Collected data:
......
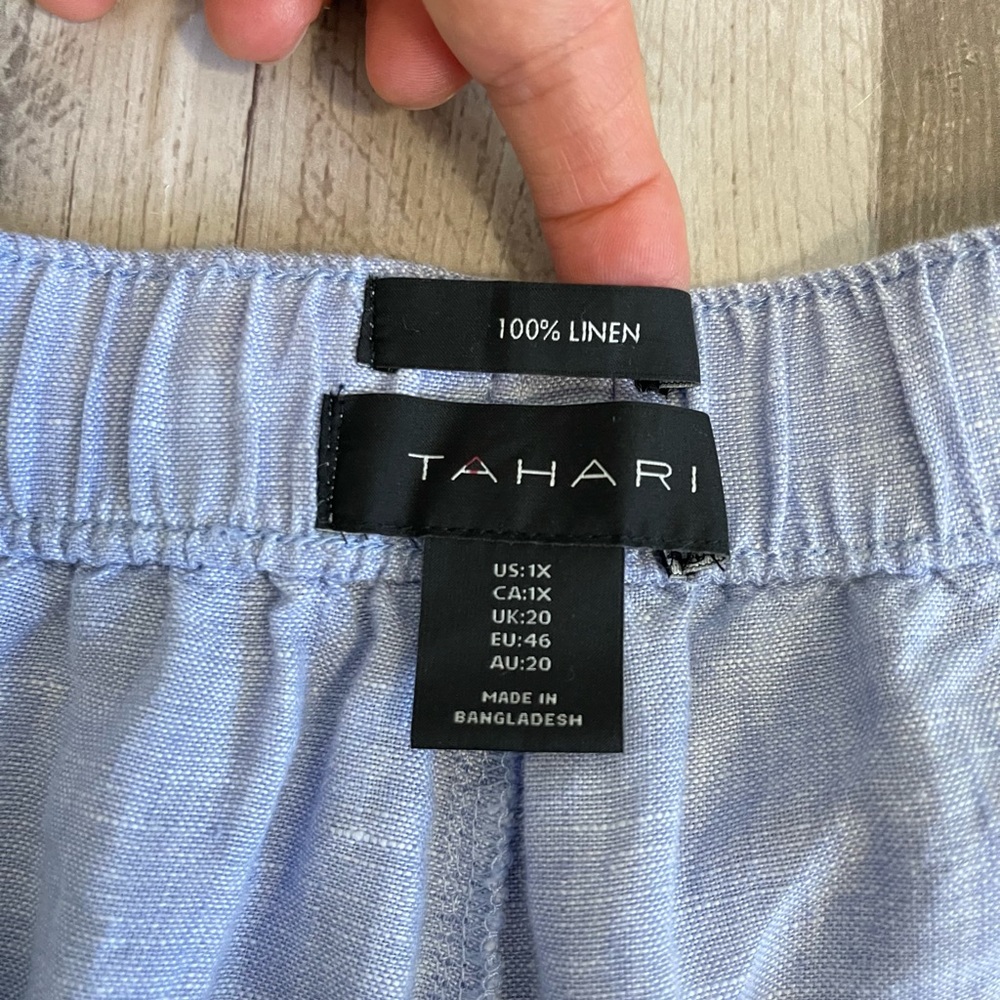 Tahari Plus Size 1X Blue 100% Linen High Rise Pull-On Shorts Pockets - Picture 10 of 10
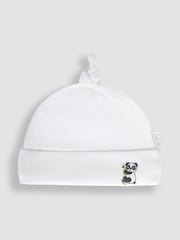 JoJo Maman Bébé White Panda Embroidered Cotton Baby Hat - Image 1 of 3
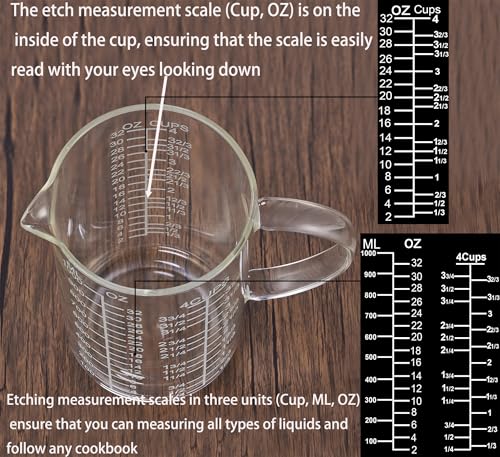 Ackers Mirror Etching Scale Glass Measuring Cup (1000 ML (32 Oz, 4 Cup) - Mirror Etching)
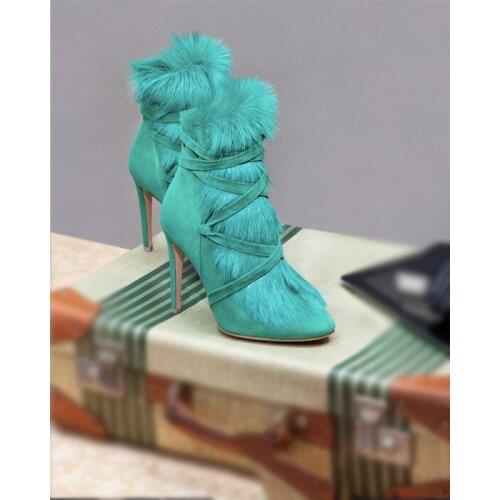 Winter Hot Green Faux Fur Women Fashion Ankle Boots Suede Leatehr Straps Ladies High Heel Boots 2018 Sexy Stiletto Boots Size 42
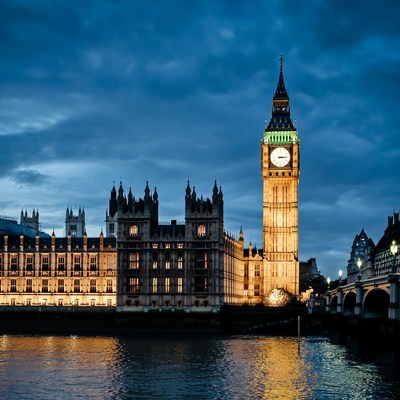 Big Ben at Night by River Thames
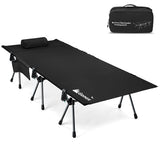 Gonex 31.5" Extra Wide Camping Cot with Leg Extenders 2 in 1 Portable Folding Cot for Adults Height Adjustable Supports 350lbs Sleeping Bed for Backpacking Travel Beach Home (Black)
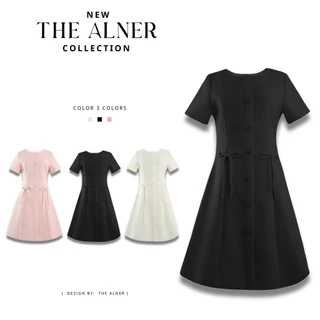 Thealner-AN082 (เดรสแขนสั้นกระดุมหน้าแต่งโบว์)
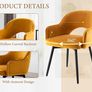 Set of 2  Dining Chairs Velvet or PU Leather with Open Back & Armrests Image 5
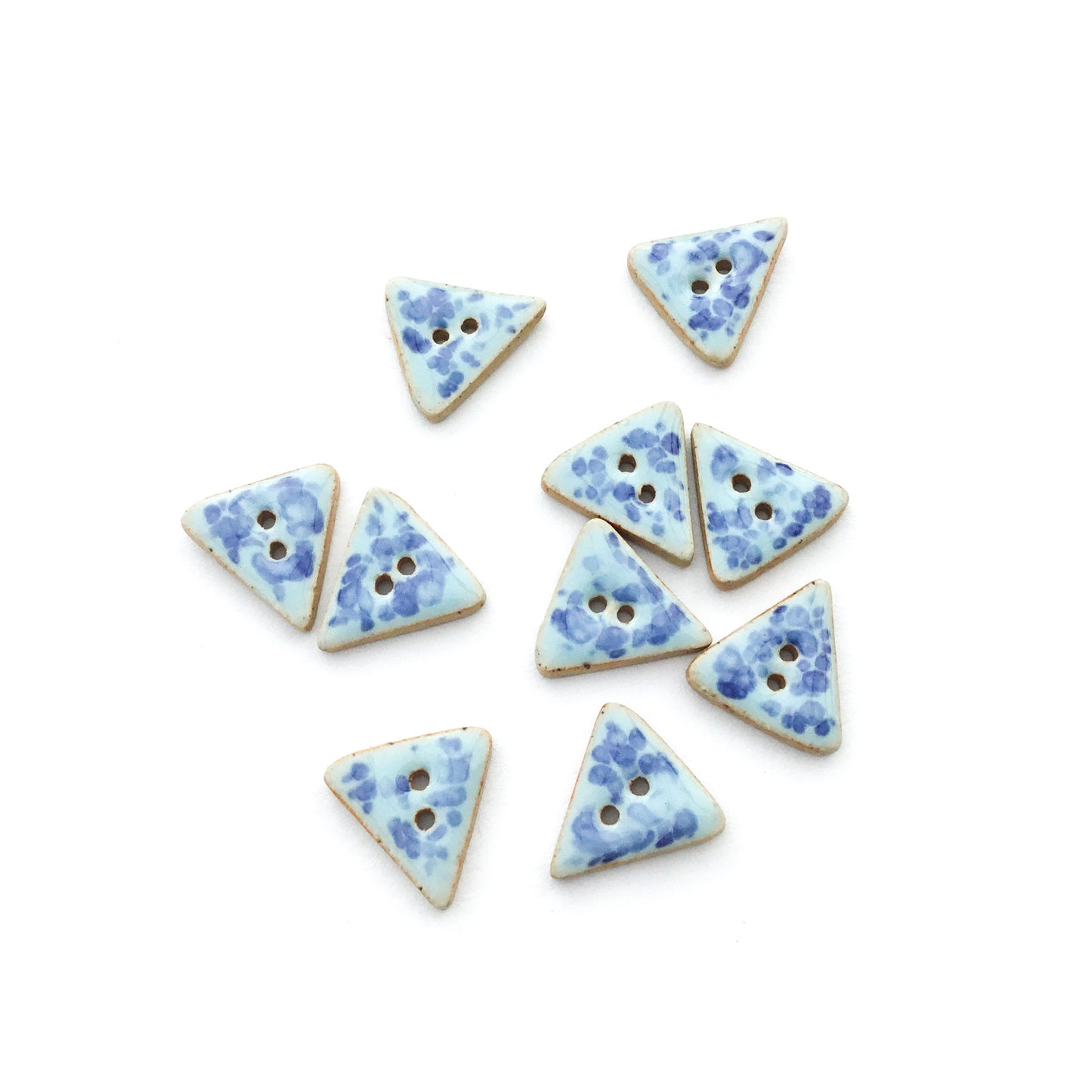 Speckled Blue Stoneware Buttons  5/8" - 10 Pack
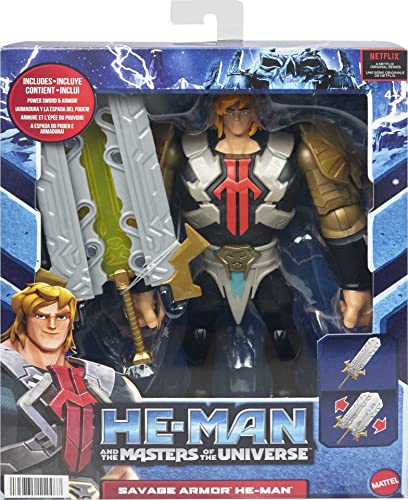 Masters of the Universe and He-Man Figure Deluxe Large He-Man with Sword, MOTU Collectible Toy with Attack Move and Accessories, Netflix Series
......
| REQUIRED ACTION |
From the first line to the last, return the records exactly and leave the pictures behind.

| TASK ANSWER |
 Tahari Plus Size 1X Blue 100% Linen High Rise Pull-On Shorts Pockets - Picture 10 of 10
 JoJo Maman Bébé White Panda Embroidered Cotton Baby Hat - Image 1 of 3
 Ackers Mirror Etching Scale Glass Measuring Cup (1000 ML (32 Oz, 4 Cup) - Mirror Etching)
 Winter Hot Green Faux Fur Women Fashion Ankle Boots Suede Leatehr Straps Ladies High Heel Boots 2018 Sexy Stiletto Boots Size 42
 Big Ben at Night by River Thames
 Gonex 31.5" Extra Wide Camping Cot with Leg Extenders 2 in 1 Portable Folding Cot for Adults Height Adjustable Supports 350lbs Sleeping Bed for Backpacking Travel Beach Home (Black)
 Thealner-AN082 (เดรสแขนสั้นกระดุมหน้าแต่งโบว์)
 Set of 2  Dining Chairs Velvet or PU Leather with Open Back & Armrests Image 5
 Speckled Blue Stoneware Buttons  5/8" - 10 Pack
 Masters of the Universe and He-Man Figure Deluxe Large He-Man with Sword, MOTU Collectible Toy with Attack Move and Accessories, Netflix Series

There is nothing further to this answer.